> RAW DATA
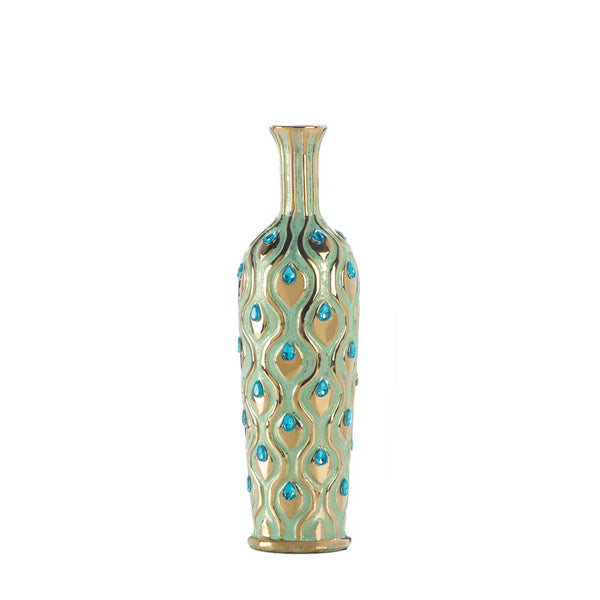 Tall Peacock Jewel Vase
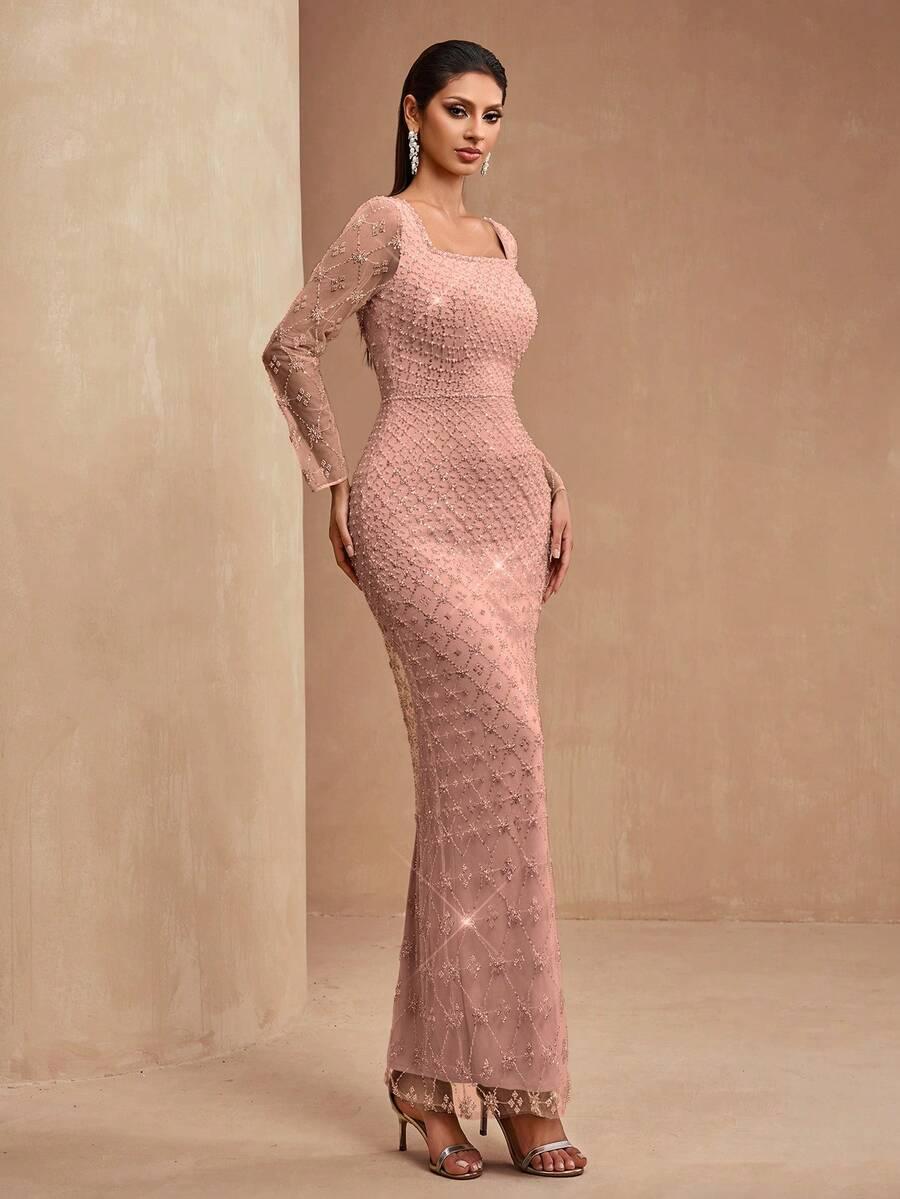 SHEIN RÓŻOWA MAXI SUKIENKA ZDOBIENIE S06__L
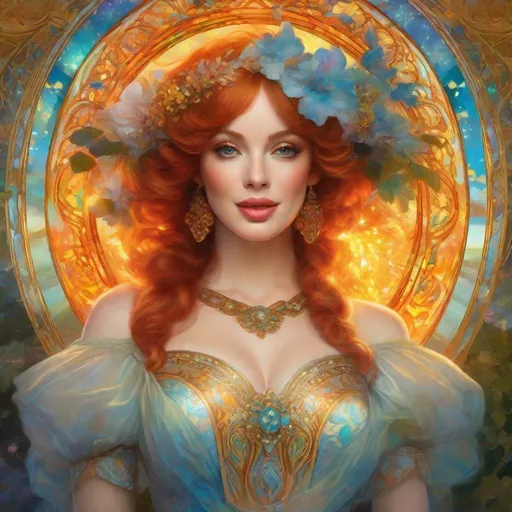 Prompt: Christina Hendricks, fire elemental salamanders (Adorable). Alphonse Mucha,  8k resolution holographic astral cosmic illustration mixed media by Pablo Amaringo  ethereal fantasy hyperdetailed mist Thomas Kinkade surrealism  melting oil on canvas heavenly sunshine beams divine bright soft focus holy in the clouds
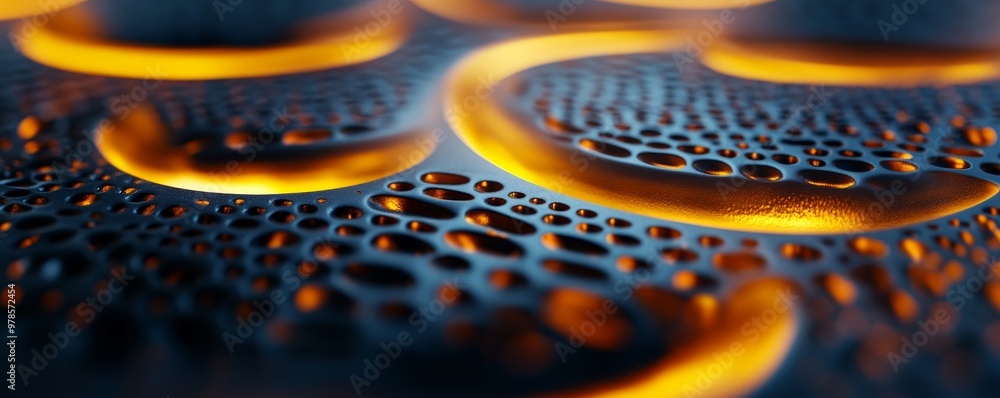 Poster close-up of glowing bubbles on a textured surface, showcasing vibrant colors and intricate patterns 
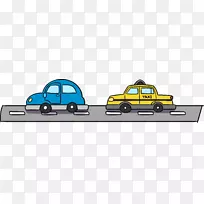 卡通道路-道路上的汽车卡通巴士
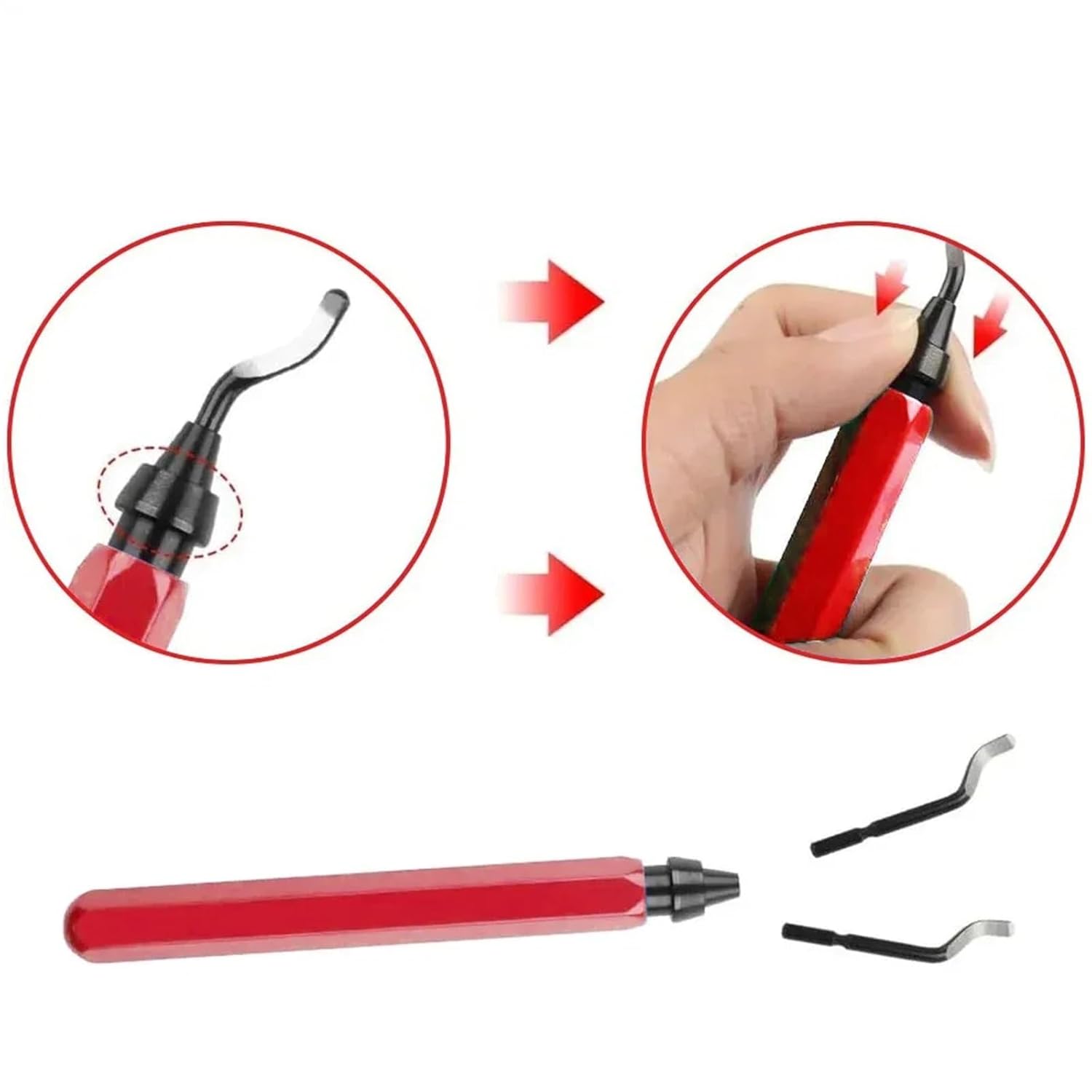 Burr Cutter Trimming Knife Scraper Deburring Tool DIY Edge Cutter Router Bit Rotary Deburr Tube Reamer Tool Parts Trimming Knife(RB1000 15pcs Blades)
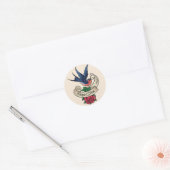 Carpe Diem Bluebird Tattoo Ronde Sticker (Envelop)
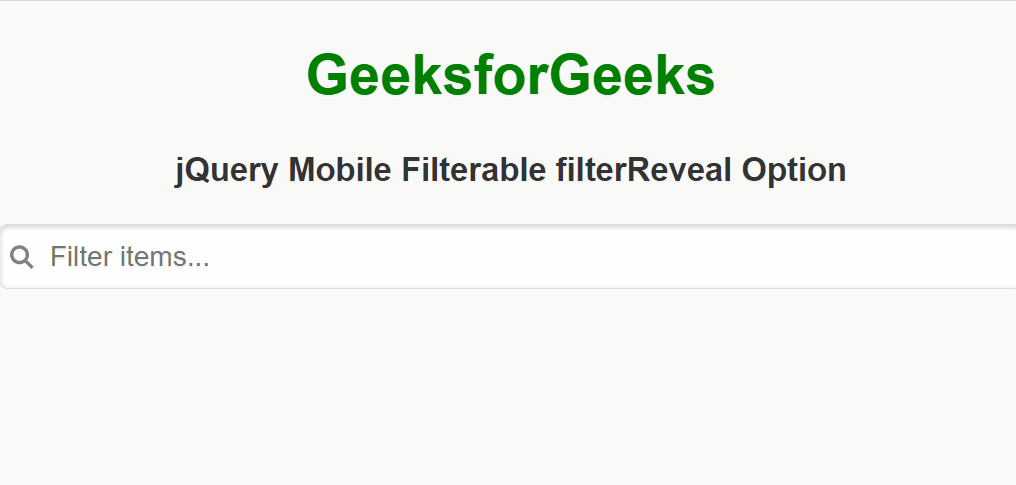 jQuery Mobile可过滤的filterReveal选项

> PROBLEM STATEMENT
With the pictures left out, copy exactly the lines from the line holding "Burr Cutter Trimming" through the final line of the records, including both.

> TASK OUTPUT
 Burr Cutter Trimming Knife Scraper Deburring Tool DIY Edge Cutter Router Bit Rotary Deburr Tube Reamer Tool Parts Trimming Knife(RB1000 15pcs Blades)
 Carpe Diem Bluebird Tattoo Ronde Sticker (Envelop)
 jQuery Mobile可过滤的filterReveal选项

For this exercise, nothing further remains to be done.